The robotic floor cleaner and/or appendage may use disposable cleaning sheets, such as dust clothes, wipes, sheet-brushes, and the like, to clean under objects or into corners but does not substantially interfere with the rotation of the surface treating apparatus about its axis when it is adjacent to encountered obstacles. The appendage can extend under low hanging obstructions to remove dirt, and reach into corners innavigable or unreachable by the robotic floor cleaner.
Description
This application is a continuation-in-part of application Ser. No. 09/580,083, filed on May 30, 2000 now U.S. Pat. No. 6,481,375 having the title “Autonomous Mobile Surface Treating Apparatus”.
The present invention is directed to an appendage that extends laterally from a mobile surface treating apparatus or other robot. More specifically, the present invention relates to a horizontally movable and downwardly biased appendage that extends laterally from a surface treating apparatus, such as a robotic floor cleaner, and uses disposable cleaning sheets, such as dust clothes, wipes, sheet-brushes, and the like.

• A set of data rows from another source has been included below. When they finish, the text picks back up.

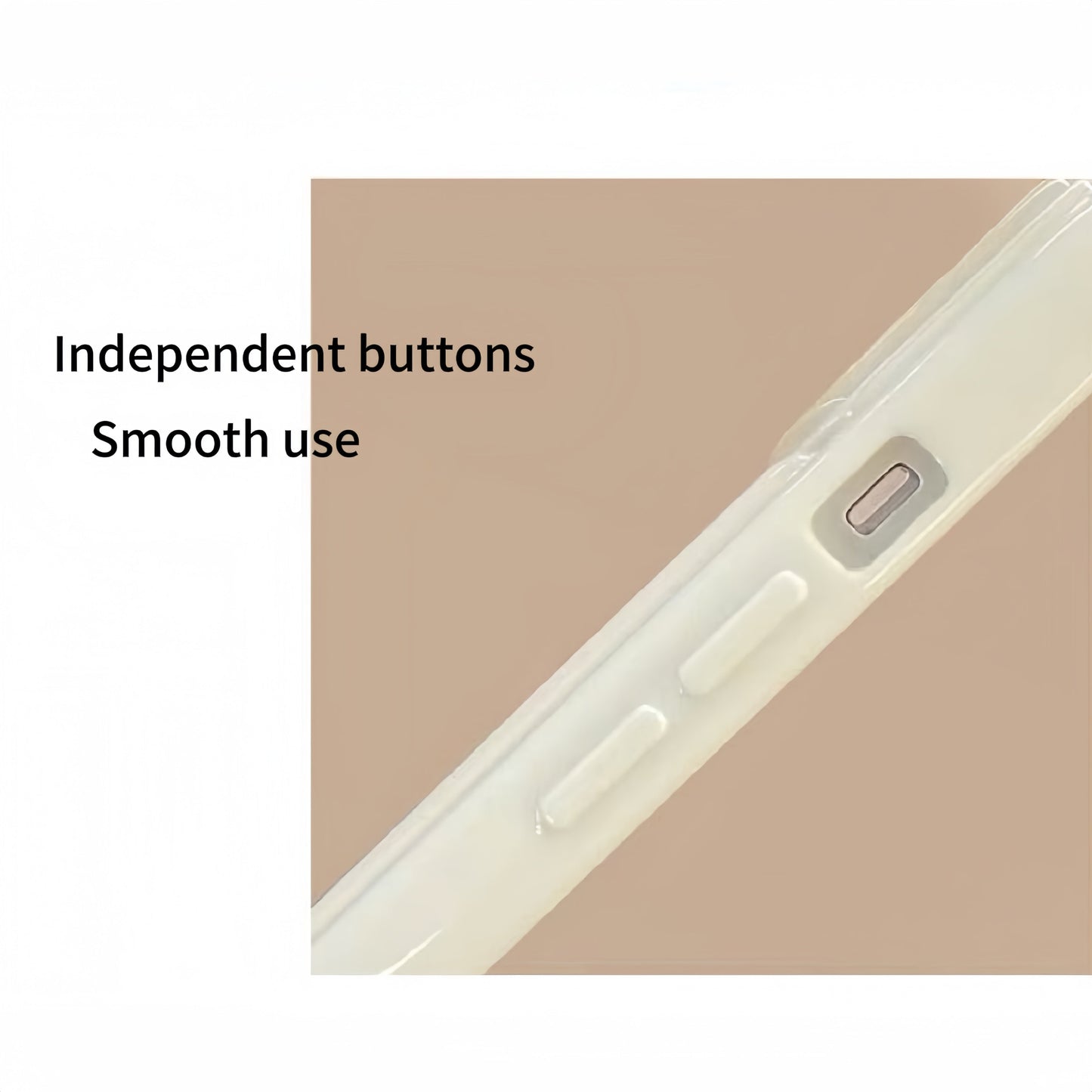 White Strawberry Bear Flip Phone Case with Mirror and Stand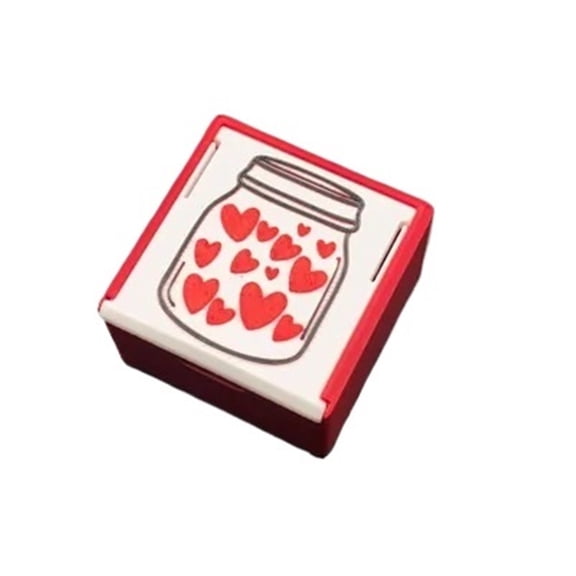 1PC Valentine's Day gift box with sliding lid 3D printed gift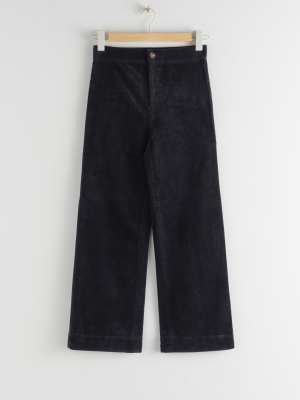 Relaxed Corduroy Trousers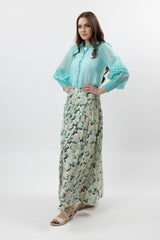 M8511Sageprint-maxi-skirt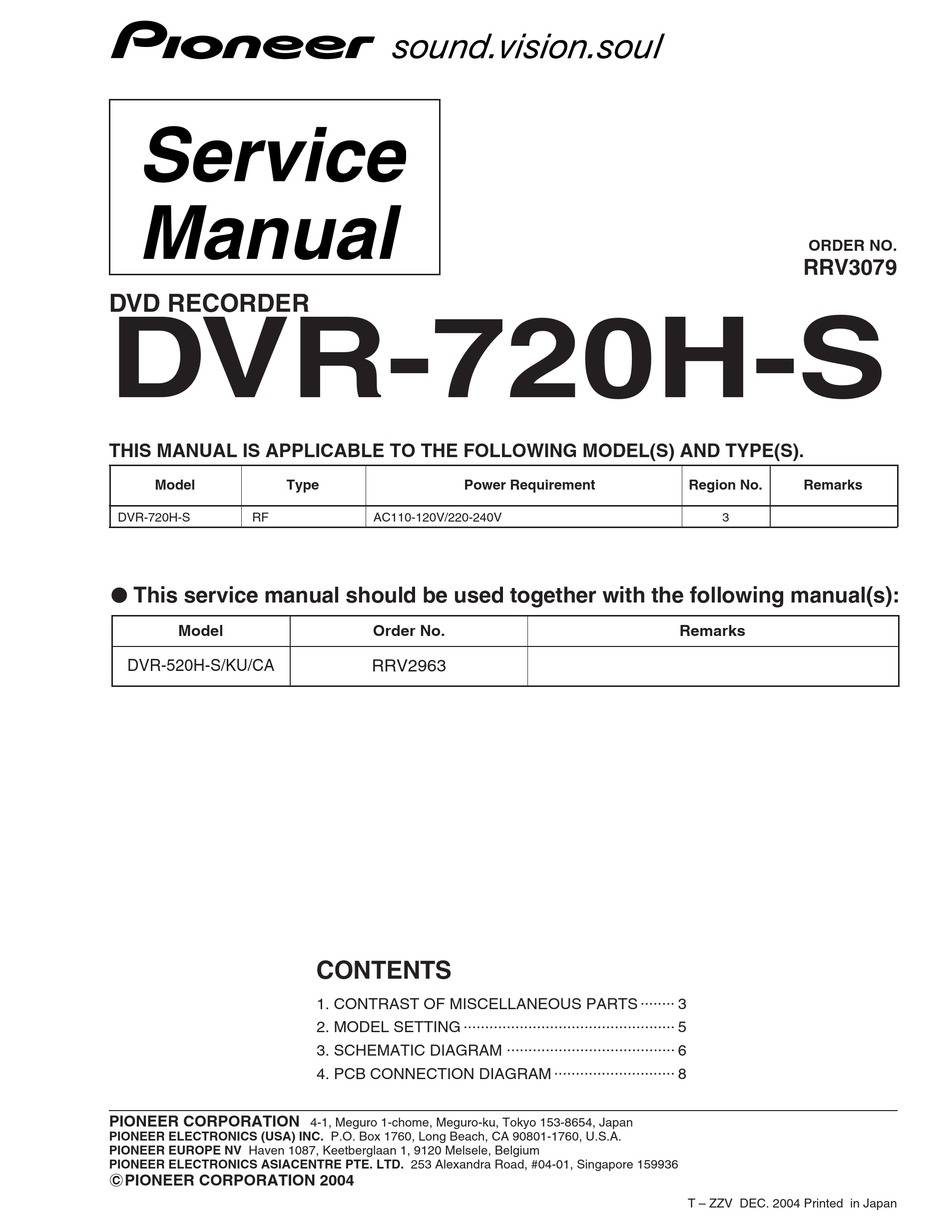 Pioneer DVR-720H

In the home and elsewhere various appliances, furniture, and similar articles rest on the floor with legs or risers and are raised above the floor surface only a few inches. Similarly, appliances and counters may have low overhangs. Dust, pet hair, and other debris tend to collect under these objects and in hard to reach areas of the floor.
Due to the height and size of surface treatment apparatuses, such as floor cleaning robots, these devices generally are prevented from moving under such objects to clean this area of the floor. Also, some of these surface treatment apparatuses have design constraints, such as wheels designed high enough to roll over surface transitions, and thus are too tall to permit the robot to reach such areas of the floor.
In addition, it is advantageous for a mobile surface treating apparatus, which must navigate in unstructured environments such as a residence, to be able to change direction by rotation around a vertical axis. In order to effectively rotate in very tight spaces, the mobile surface treating apparatus must have a substantially upright cylindrical shape around a central vertical axis. However, the upright cylindrical shape has the disadvantage of not being able to reach into corners of rooms or into similarly sharply, angularly constrained floor spaces. Horizontally rigid extensions protruding beyond the right cylindrical shape of the robot to reach under such objects or into the corners of rooms are not desirable because they tend to prevent the apparatus from rotating due to the extension being blocked by these same objects.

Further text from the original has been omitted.